Tarian Panji seolah-olah “tidak menari”. Justru karena tariannya tidak
spektakuler, maka ia merupakan sejatinya tarian, yakni perpaduan antara
hakiki gerak dan hakiki diam. Bagi mereka yang kurang peka dalam
pengalaman seni, tarian ini akan membosankan. Tarian kok tidak banyak
gerak? Bukankah hakikat tari itu memang gerak (tubuh)?
Inilah
teka-teki Tarian Panji dalam Topeng Cirebon. Bagaimana penduduk desa
mampu menciptakan tarian semacam itu? Penduduk desa yang tersebar di
sekitar Cirebon hanyalah pewaris dan bukan penciptanya. Penduduk desa
ini adalah juga penerus dari para penari Keraton Cirebon yang dahulu
memeliharanya. Ketika Raja-raja Cirebon diberi status “pegawai” oleh
Gubernur Jenderal Daendels, dan tidak diperkenankan memerintah secara
otonom lagi, maka sumber dana untuk memelihara semua kesenian Keraton
tidak dimungkinkan lagi. Para abdi dalem Keraton terpaksa dibatasi
sampai yang amat diperlukan sesuai dengan “gaji” yang diterima Raja
dari Pemerintah Hindia Belanda.
Begitulah penari-penari dan
penabuh gamelan Keraton harus mencari sumber hidupnya di rakyat
pedesaan. Topeng Cirebon yang semula berpusat di Keraton-keraton, kini
tersebar di lingkungan rakyat petani pedesaan. Dan seperti umumnya
kesenian rakyat, maka Topeng Cirebon juga dengan cepat mengalami
transformasi-transformasi. Proses transformasi itu berakhir dengan
keadaannya yang sekarang, yakni berkembangnya berbagai “gaya” Topeng
Cirebon, seperti Losari, Selangit, Kreo, Palimanan dan lain-lain.
Untuk
merekonstruksi kembali Topeng Cirebon yang baku, diperlukan studi
perbandingan seni. Berbagai gaya Topeng Cirebon tadi harus
diperbandingkan satu sama lain sehingga tercapai pola dan strukturnya
yang mendasarinya. Dengan metode demikian, maka akan kita peroleh
bentuk yang mendekati “aslinya”. Namun metode ini tak dapat dilakukan
tanpa berbekal dasar filosofi tariannya.
Dari mana filsafat tari
Topeng Cirebon itu dapat dipastikan? Tentu saja dari serpihan-serpihan
tarian yang sekarang ada dan dipadukan dengan konteks budaya munculnya
tarian tersebut. Konteks budaya Topeng Cirebon tentu tidak dapat
dikembalikan pada budaya Cirebon sendiri yang sekarang. Untuk itu
diperlukan penelusuran historis terhadapnya.
Siapakah Empu
pencipta tarian ini? Sampai kiamat pun kita tak akan mengetahuinya,
lantaran masyarakat Indonesia lama tidak akrab dengan budaya tulis.

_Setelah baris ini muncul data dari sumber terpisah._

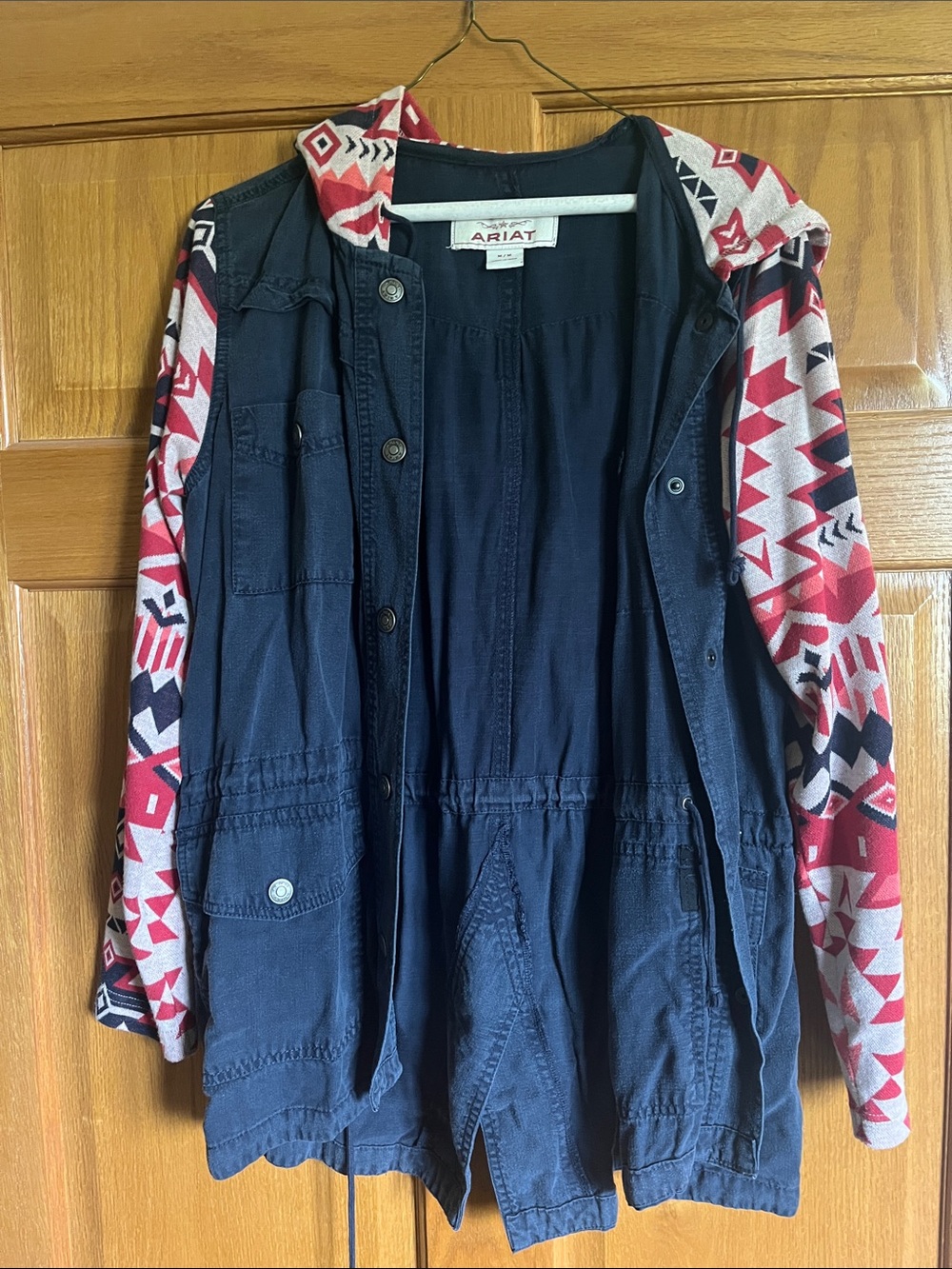Ariat Navy Utility Jacket with Red and White Aztec Hooded Sleeves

Meskipun budaya tulis dikenal di Keraton-keraton Indonesia, tetapi
tidak terdapat kebiasaan mencatat pencipta-pencipta kesenian, kecuali
dalam beberapa karya sastranya saja.
Di zaman mana?
Kalau
pencipta tidak dikenal, sekurang-kurangnya di zaman mana Topeng Cirebon
ini telah ada? Kepastian tentang ini tidak ada. Namun ada dugaan bahwa
di zaman Raja Majapahit, Hayam Wuruk, tarian ini sudah dikenal. Dalam
Negarakertagama dan Pararaton dikisahkan raja ini menari topeng (kedok)
yang terbuat dari emas. Hayam Wuruk menarikan topeng emas (atapel,
anapuk) di lingkungan kaum perempuan istana Majapahit. Jadi Tari topeng
Cirebon ini semula hanya ditarikan para raja dengan penonton perempuan
(istri-istri raja, adik-adik perempuan raja, ipar-ipar perempuan raja,
ibu mertua raja, ibunda raja).
Dengan demikian dapat diduga bahwa
Topeng Cirebon ini sudah populer di zaman Majapahit antara tahun 1300
sampai 1400 tarikh Masehi. Mencari dasar filosofi tarian ini harus
dikembalikan pada sistem kepercayaan Hindu-Budha-Jawa zaman Majapahit.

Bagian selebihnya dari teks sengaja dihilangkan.